The Network Time Protocol (NTP) and Precision Time Protocol (PTP) provide accurate and reliable time on millions of phones, PCs, and servers. These two protocols are vital building blocks of the internet and other critical infrastructure. They are used everywhere, but particularly significant in finance and broadcasting, in our power grids and telecommunication, and in security protocols.

Project Pendulum, an initiative of Tweede golf, is building modern, open-source implementations of NTP and PTP. The software ntpd-rs is an NTP implementation written in Rust, with a focus on security and stability. It includes client and server functionality and supports Network Time Security (NTS). Statime aims to provide a memory-safe implementation of PTP in Rust.

Why is this important?

Accurate time is at the core of any machine or network communication. Applications and tools from data backups to messaging or video conferencing rely on precise timing, both between servers and across multiple networks. Creating secure implementations of the Network Time Protocol (NTP) and Precision Time Protocol (PTP) is critically important. Inaccurate and imprecise time can lead to security, performance, and availability issues.

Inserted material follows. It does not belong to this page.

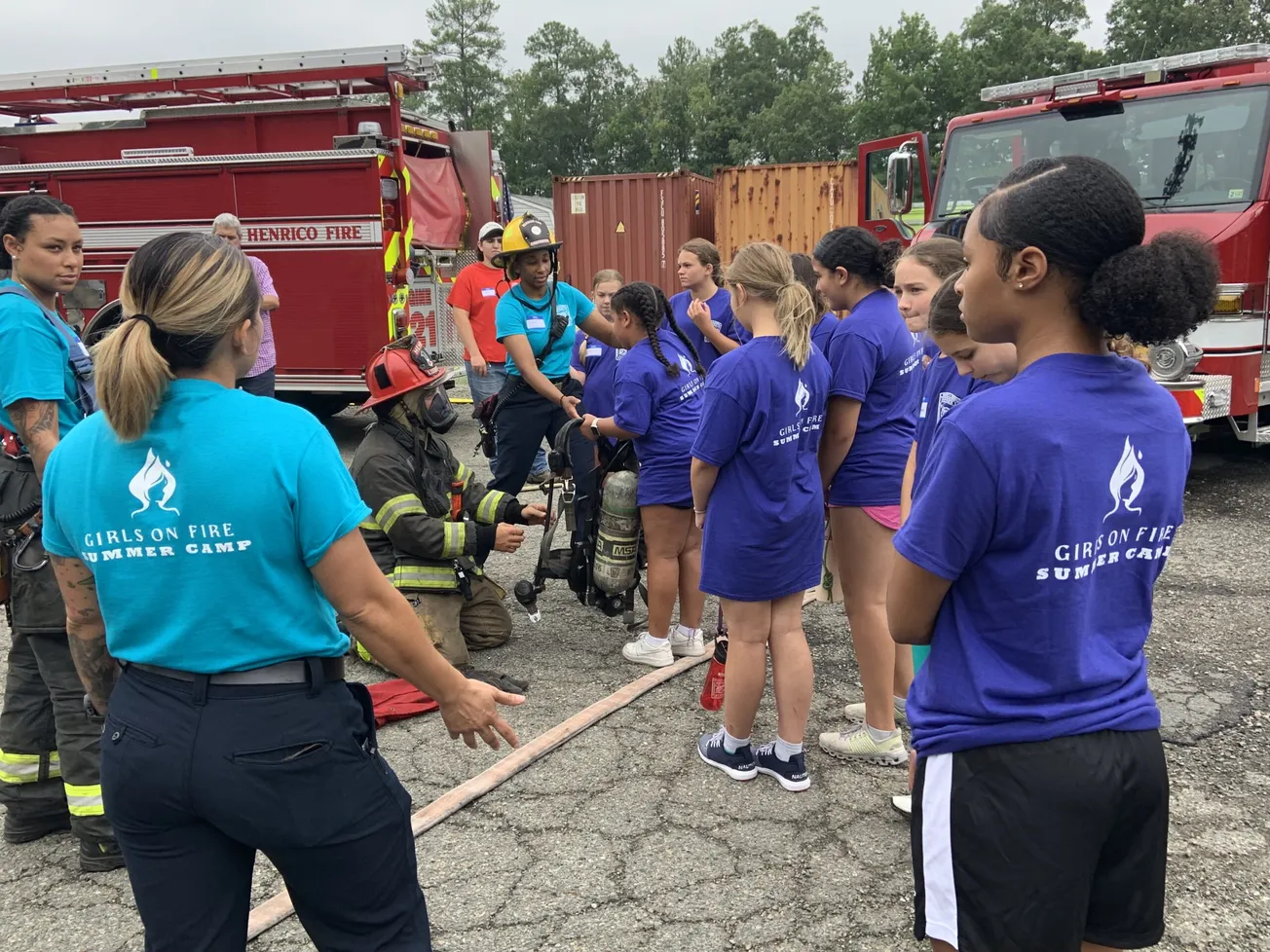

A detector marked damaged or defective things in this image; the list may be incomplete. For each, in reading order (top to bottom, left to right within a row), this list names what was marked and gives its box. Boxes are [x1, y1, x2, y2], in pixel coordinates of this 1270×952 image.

rusty shipping container [553, 168, 721, 294]
rusty shipping container [716, 162, 874, 262]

There are currently only three complete open source implementations of NTP, and just one for PTP. These implementations are maintained by single individuals or small groups of people. Developing new implementations of NTP and PTP as part of Project Pendulum provides solid alternatives should the other implementations become vulnerable.

For the internet, NTP is particularly relevant. It ensures that time on (public) networks is synchronized, and underpins security protocols. For individual users, one familiar use-case is in two-factor authentication, where one-time codes are only valid for a set amount of time.

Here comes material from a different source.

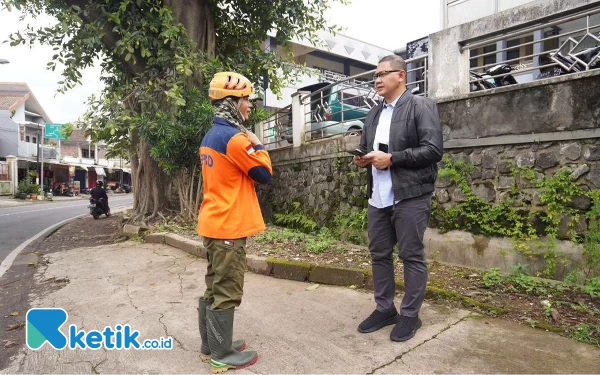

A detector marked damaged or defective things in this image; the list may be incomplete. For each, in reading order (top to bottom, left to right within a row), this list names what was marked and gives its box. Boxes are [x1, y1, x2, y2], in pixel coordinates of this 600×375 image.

cracked pavement [1, 242, 600, 374]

A recent article “An open infrastructure for sub-millisecond internet time” by SIDN Labs explains:

“Time is crucial for an increasingly wide range of internet applications and services. For example, internet security protocols like TLS (secures end-to-end communication), DNSSEC (secures domain name to IP address mappings), and RPKI (secures routes across the internet) cannot function without accurate time, nor can a function such as domain name registration. Time also plays a crucial role in critical infrastructures, which increasingly use the internet and its protocols for their communications.”

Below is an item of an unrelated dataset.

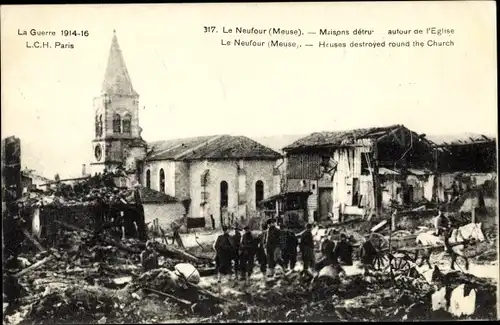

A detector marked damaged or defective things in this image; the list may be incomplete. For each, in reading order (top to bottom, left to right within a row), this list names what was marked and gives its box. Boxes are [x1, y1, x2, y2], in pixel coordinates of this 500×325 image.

damaged roof [146, 134, 284, 160]
damaged roof [284, 124, 404, 151]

Beyond the benefit to individual users, public institutions expressed support for this work: the Interdisciplinary Hub for Security; Privacy and Data Governance at Radboud University; and VSL, the Dutch Meteorology Institute which is responsible for the Dutch national time standard. The Linux distributions Fedora and Debian are interested in using ntpd-rs. Furthermore, industry users also plan to adopt ntpd-rs, the memory-safe open source implementation of NTP. This includes Let’s Encrypt, whose 250 million digital certificates enabling HTTPS on websites depend on time synchronization through Let’s Encrypt’s servers. Cloud providers such as Cloudflare, Automattic, and AWS have also expressed interest.

What are we supporting?

  1. Development and Stabilization:
    • Releasing end-user ready version of ntpd-rs with improved stability, observability, and configuration.
    • Releasing PTP functionality for Linux through Statime.
    • Contributing to the NTPv5 standard, implementing the draft specification, and improving the custom clock algorithm based on Kalman filters.
  2. Adoption and Visibility:
    • Promoting adoption by improving packaging and documentation, conducting market research, and showcasing performance and statistics.
    • Blog posts, talks, and documentation on the benefits of using memory-safe versions of PTP and NTP.
    • Exploring the establishment of an NTS (Network Time Security) pool to facilitate the adoption of NTS.
  3. Maintenance and Community Support:
    • Ensuring ongoing maintenance of both Statime and ntpd-rs by responding to issues, updating documentation, and performing regular releases.
    • Transferring knowledge to contributors and fostering community engagement.
    • Seeking structural financial support from industry companies to sustain the projects in the long term.

These work areas encompass various aspects of software development, adoption, maintenance, and community support necessary for the success and stability of ntpd-rs and Statime.